The initial Majestic business ended up in receivership. During the sales process, Mr Farr got to know the eventual underbidder — Chris Collins, a City figure who had just sold a business and was looking for a new project. “I basically pitched him the idea of Bibendum,” Mr Farr says.

Majestic had been trying to take on the mass market, competing with the supermarkets. “To go more upmarket, you had to enter the stuffy old world of St James’s. It needed a shake-up. In 1982, it was not done to be a wine importer, wholesaler and retailer. I thought that was nonsense — and, fortunately, so did Chris.”

Mr Collins went on to become the chairman of Old Mutual, but Mr Farr stayed with Bibendum as deputy chairman until its sale last year to Conviviality, the UK-listed independent drinks distributor.

Western boomers are entering their twilight years, but Mr Farr admires the adventurous tastes of the next generation of UK wine drinkers. For them, wine is about the experience, and not the expense, he says, noting they are not afraid to try wines from Santorini in Greece or Georgia: “They are buying to consume now. Most people don’t have a house with a wine cellar these days.
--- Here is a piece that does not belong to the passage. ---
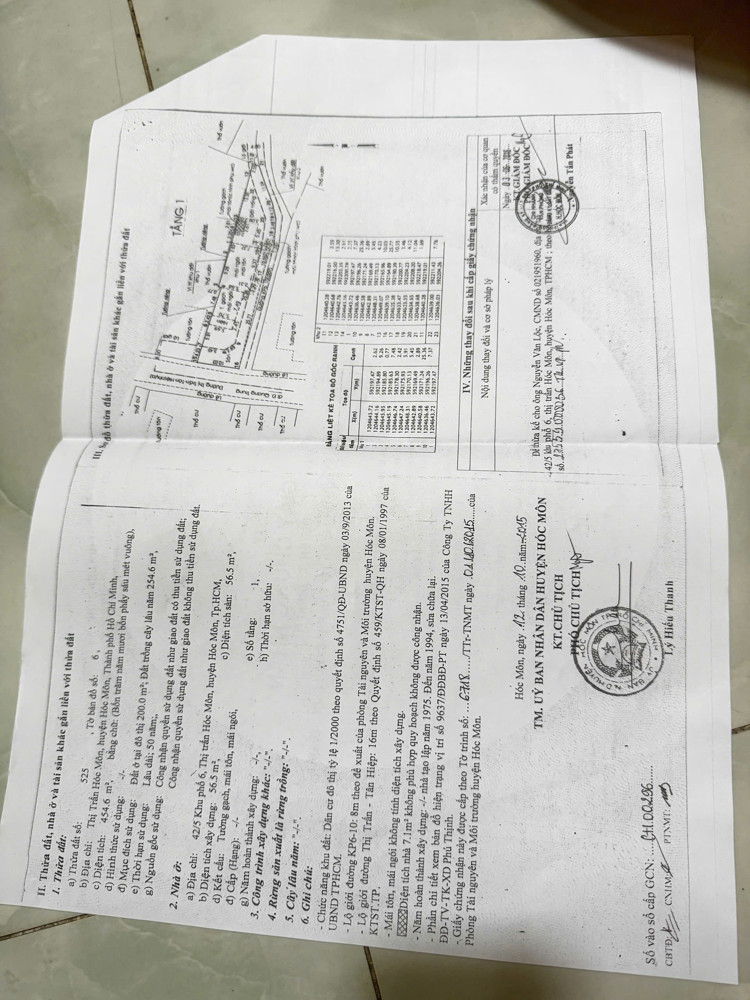 HÀNG SIÊU HIẾM – NHÀ CẤP 4 (10x45) GÓC 2 MẶT TIỀN TRUNG TÂM TÂN HIỆP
Most people don’t even own a house.”

Yet he is saddened that buying Bordeaux en primeur is now something only the wealthiest can aspire to (see related article). “Bordeaux used to be cheap for the people who bought early, because they were taking all the risk,” he says. “Nowadays, nobody is pricing in that risk spread.”

He rates older Bordeaux vintages as a “screaming bargain” for this reason. “So many people have tasted them and written about them, you know what you’re getting. Plus you haven’t had to finance 20 years of storage waiting for them to mature . . . In 20 years’ time, I’ll be 84. Will I be buying en primeur to drink in another 20 years, or an older vintage that will see me out?”